The first Men’s Trials were held in 1968 in Alamosa, CO. The first Women’s Trials took place in Olympia, WA, in 1984. The course records for Trials races are Ryan Hall’s 2:09:02, established in the 2008 Trials, and Shalane Flanagan’s 2:25:38, which she recorded in Houston in 2012.
The Atlanta marathon course is the most challenging ever seen in a Trials marathon, with almost constant undulations of the type that eventually produced significant wear-and-tear on a runner’s body, especially the hips and knees. The 3-lap Atlanta course included 1389 feet of uphill climbing and 1382 feet of downhills, for a net start-to-finish gain of seven feet.
The course started and finished at Centennial Olympic Park near the College Football Hall of Fame, the Georgia Aquarium, and the SkyView ferris wheel. It ran up and down Atlanta’s famed Peachtree Street, passing the Margaret Mitchell House (author of “Gone With The Wind”). The course also toured the city’s fourth ward, which includes the Martin Luther King National Historic Park, with both the birthplace and burial site of the famed civil rights leader.
The Men’s and Women’s Olympic Marathons will be held August 8 and 9 in Sapporo, Japan, 500 miles north of Tokyo. They were moved from Tokyo amidst fears that the Tokyo heat and humidity could affect runners’ health.
Two previous Trials winners have gone on to win gold in the Olympic Marathon: Frank Shorter in 1972, and Joan Benoit in 1984. Two second-place Trials finishers have also won Olympic medals. In 2004, both Meb Keflezighi and Deena Kastor placed second in the Trials ahead of their silver- and bronze-medal performances in the Athens Olympic Marathon.
The Olympic Marathon qualifying times for 2020 are 2:11:30 and 2:29:30. However, World Athletics named the Atlanta Trials a “Gold Label Race,” meaning that the first five finishers are automatically eligible to run the Olympic Marathon. This covers the possibility that one of the top-three runners from today could get sick or injured in coming months, and need to be replaced by an alternate American.
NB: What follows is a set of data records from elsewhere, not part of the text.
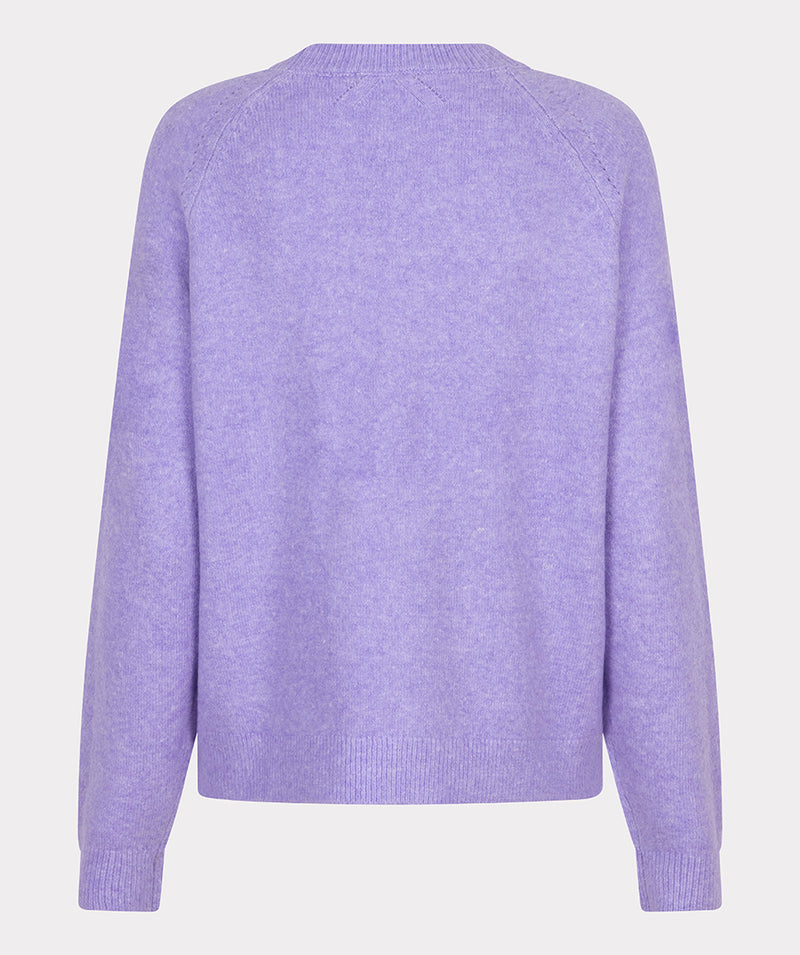 Ajour Raglan Jumper - Light Violet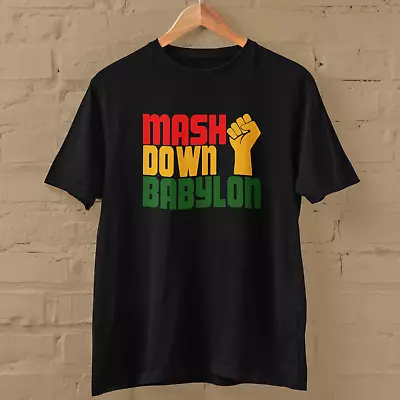 Buy MASH DOWN BABYLON T-SHIRT (Reggae Dub Roots Marley Ska Trojan Music Carnival) • 14.99£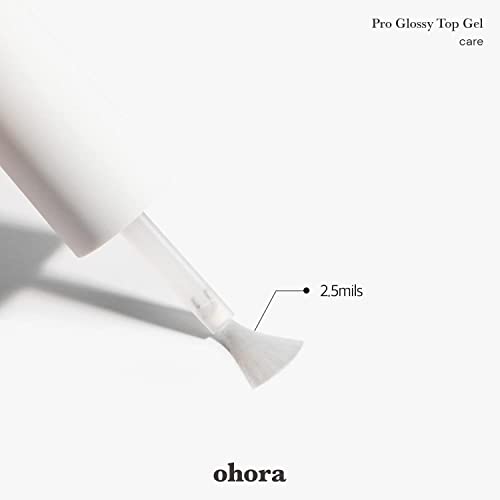 Набор от ohora Pro Glossy Top Gel (Базов) + Ленти за нокти с наполовина отвержденным гел (N Addict)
Today’s Trials race included an impressive range of ages among qualified marathoners. The youngest runner was 16-year-old Tierney Wolfgram from Woodbury, MN; the oldest, 48-year old Perry Reeves Shoemaker from Vienna, VA. The youngest and oldest male runners were Sean O’Connor, 22, from West Hartford, CT and Bernard Lagat, 45, from Tucson, AZ. Lagat has competed in every Olympics from 2000 onward, making him the most decorated athlete in the field. An impressive 35 women in today’s race were over age 40. Four of the men were older than 40.